### AIM OF THE EXERCISE
With pictures omitted, restate the data word for word.

### DATA BELOW
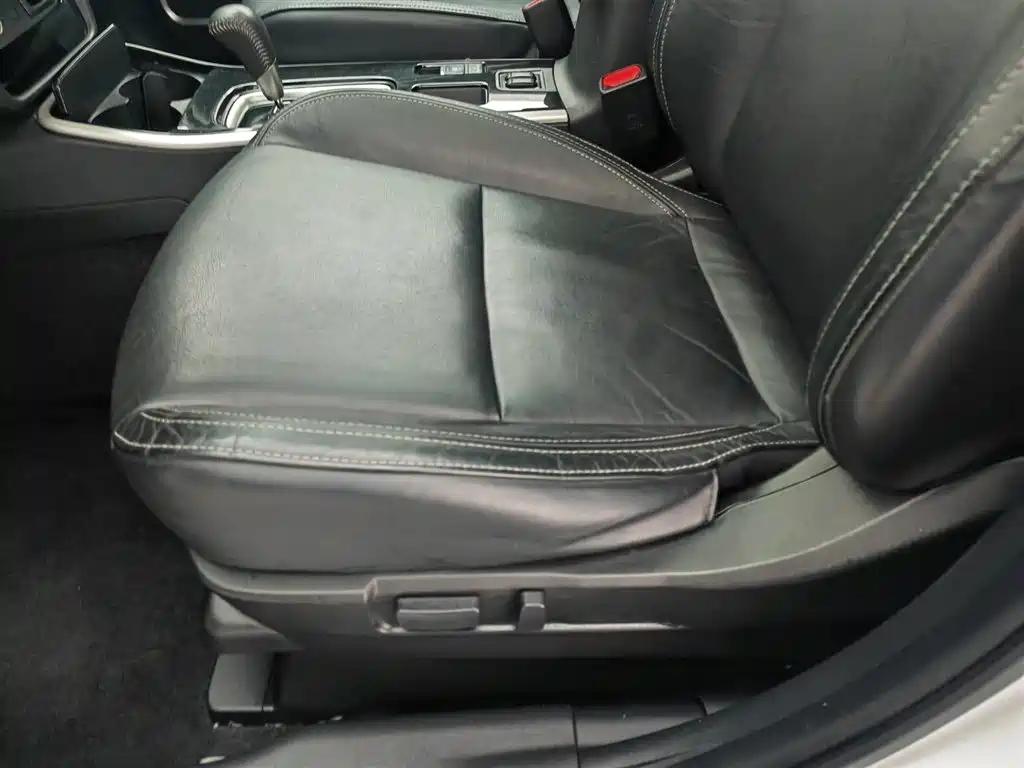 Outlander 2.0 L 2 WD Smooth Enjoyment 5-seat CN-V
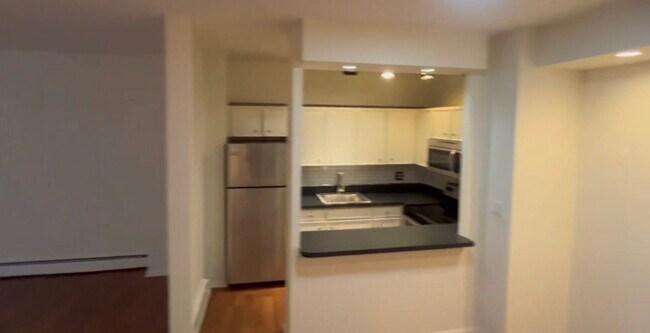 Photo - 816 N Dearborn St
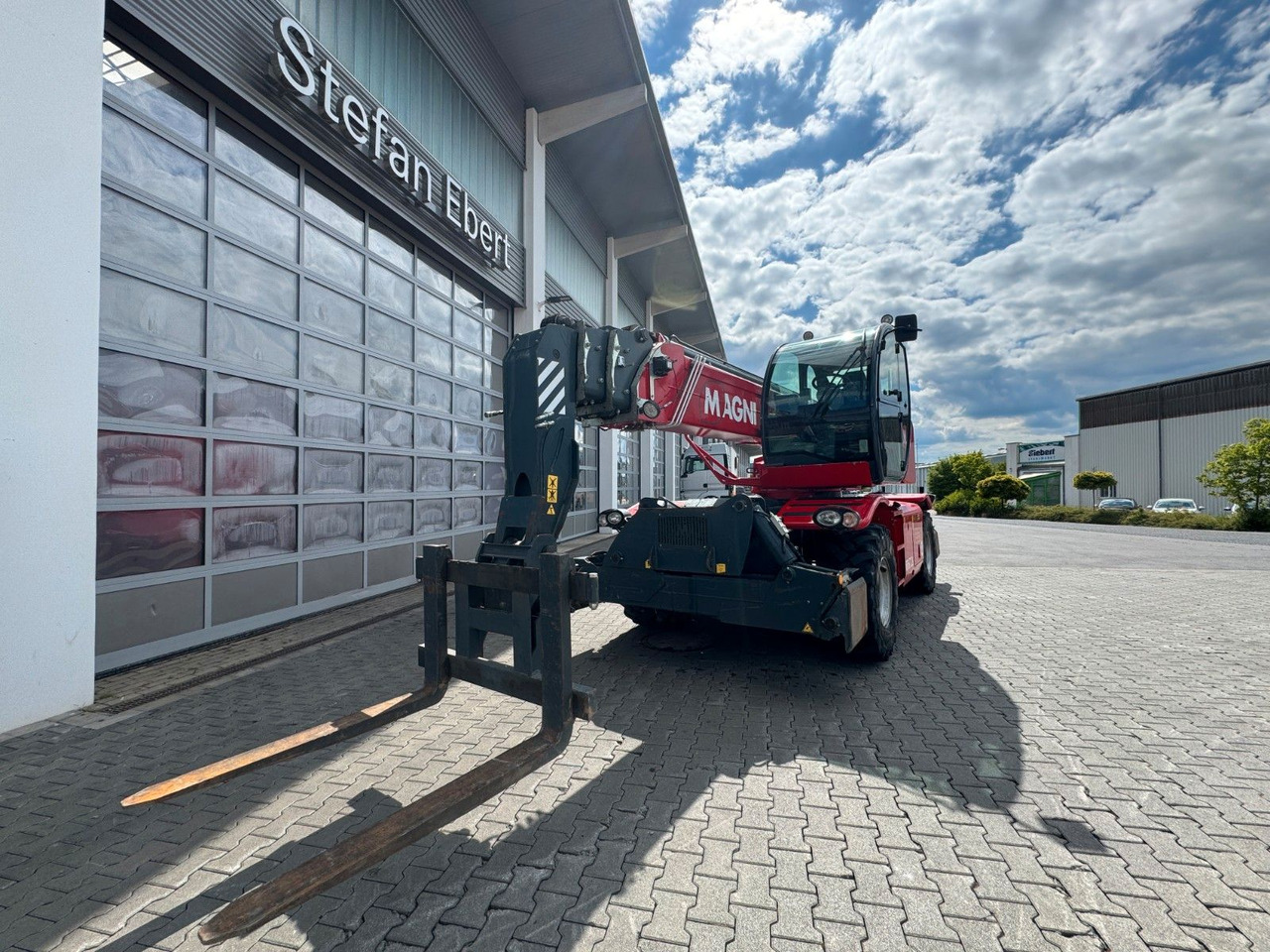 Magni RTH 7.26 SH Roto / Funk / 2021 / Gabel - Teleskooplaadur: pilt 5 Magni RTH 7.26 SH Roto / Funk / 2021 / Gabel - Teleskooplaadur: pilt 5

### YOUR SOLUTION
 Outlander 2.0 L 2 WD Smooth Enjoyment 5-seat CN-V
 Photo - 816 N Dearborn St
 Magni RTH 7.26 SH Roto / Funk / 2021 / Gabel - Teleskooplaadur: pilt 5 Magni RTH 7.26 SH Roto / Funk / 2021 / Gabel - Teleskooplaadur: pilt 5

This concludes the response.